IQSS / dataverse

Open source research data repository software
http://dataverse.org
Other
882 stars 493 forks source link

Add authentication and authorization to the Access (download) API. #1228

Closed landreev closed 9 years ago

landreev commented 9 years ago

There was no ticket for this; and it's fairly important.

akio-sone commented 9 years ago

Leonid, does "token authentication" mean JSON Web Tokens (JWT)? If so, which java library are you going to employ?

On 12/9/2014 2:29 PM, landreev wrote:

There was no ticket for this; and it's fairly important.

— Reply to this email directly or view it on GitHub https://github.com/IQSS/dataverse/issues/1228.

Akio Sone Odum Inst.
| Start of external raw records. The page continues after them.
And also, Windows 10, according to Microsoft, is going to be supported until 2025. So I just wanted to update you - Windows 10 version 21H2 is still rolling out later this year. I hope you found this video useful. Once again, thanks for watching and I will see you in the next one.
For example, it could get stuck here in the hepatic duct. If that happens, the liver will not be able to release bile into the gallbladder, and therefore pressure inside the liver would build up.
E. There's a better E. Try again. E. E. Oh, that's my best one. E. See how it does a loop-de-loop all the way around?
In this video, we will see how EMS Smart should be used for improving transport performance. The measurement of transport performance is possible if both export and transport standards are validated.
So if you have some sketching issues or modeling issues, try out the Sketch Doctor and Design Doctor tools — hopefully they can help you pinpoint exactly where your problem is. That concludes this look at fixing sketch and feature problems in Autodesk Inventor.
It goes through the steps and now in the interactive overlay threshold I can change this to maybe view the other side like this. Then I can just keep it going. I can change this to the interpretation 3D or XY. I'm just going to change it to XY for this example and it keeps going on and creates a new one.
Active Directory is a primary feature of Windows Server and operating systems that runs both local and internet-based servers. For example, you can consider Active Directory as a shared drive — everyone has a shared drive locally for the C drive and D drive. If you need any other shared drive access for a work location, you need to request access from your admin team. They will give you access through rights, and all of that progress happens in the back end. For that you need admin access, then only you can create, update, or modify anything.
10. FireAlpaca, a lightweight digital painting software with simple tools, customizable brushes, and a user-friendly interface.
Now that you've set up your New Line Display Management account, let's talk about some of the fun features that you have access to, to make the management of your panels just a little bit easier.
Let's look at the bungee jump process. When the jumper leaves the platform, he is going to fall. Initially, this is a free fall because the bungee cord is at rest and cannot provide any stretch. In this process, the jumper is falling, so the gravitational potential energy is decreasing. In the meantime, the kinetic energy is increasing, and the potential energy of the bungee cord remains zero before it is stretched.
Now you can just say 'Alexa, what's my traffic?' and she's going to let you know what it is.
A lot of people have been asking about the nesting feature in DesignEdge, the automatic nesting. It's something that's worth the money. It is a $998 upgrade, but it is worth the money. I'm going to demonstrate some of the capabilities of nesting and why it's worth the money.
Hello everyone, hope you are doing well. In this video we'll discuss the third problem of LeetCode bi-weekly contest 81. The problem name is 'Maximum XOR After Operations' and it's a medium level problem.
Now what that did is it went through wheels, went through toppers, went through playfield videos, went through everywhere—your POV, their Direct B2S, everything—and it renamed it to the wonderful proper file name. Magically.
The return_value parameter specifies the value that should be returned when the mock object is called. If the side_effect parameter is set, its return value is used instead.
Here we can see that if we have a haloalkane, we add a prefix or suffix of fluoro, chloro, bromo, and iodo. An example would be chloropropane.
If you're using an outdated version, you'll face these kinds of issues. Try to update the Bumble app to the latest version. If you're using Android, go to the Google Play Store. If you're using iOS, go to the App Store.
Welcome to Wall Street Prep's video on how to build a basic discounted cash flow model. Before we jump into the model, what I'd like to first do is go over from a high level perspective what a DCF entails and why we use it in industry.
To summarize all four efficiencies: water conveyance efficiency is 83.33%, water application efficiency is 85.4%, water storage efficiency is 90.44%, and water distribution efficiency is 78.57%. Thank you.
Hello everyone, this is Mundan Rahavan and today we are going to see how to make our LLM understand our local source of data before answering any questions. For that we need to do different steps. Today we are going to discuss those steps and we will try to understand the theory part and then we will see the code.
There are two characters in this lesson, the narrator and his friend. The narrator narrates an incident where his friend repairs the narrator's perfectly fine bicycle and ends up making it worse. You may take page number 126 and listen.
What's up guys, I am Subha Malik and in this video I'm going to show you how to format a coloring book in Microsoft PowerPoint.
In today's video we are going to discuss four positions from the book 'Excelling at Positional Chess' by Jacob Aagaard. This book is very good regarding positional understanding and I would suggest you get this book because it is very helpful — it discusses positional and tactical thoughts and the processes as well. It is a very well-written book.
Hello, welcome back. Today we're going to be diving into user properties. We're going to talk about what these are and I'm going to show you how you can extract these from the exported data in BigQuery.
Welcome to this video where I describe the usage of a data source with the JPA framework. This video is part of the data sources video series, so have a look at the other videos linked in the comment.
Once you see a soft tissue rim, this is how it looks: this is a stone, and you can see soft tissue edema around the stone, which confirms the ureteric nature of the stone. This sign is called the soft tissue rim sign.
UNC at Chapel Hill

pdurbin commented 9 years ago

In #1226 I described the problem but not the solution. Heads up to @raprasad that this upcoming change will likely affect geoconnect, which downloads files. Since TwoRavens is client-side, I'm not sure if @vjdorazio and @tercer need to know about the upcoming change.

landreev commented 9 years ago

@akio-sone : This is the same token authentication already used elsewhere in the dataverse 4.0 APIs. (src/main/java/edu/harvard/iq/dataverse/authorization/users/ApiToken.java) I don't remember off the top of my head what standard it implements/is based on; but Michael, who added this framework to the app, should be able to answer it.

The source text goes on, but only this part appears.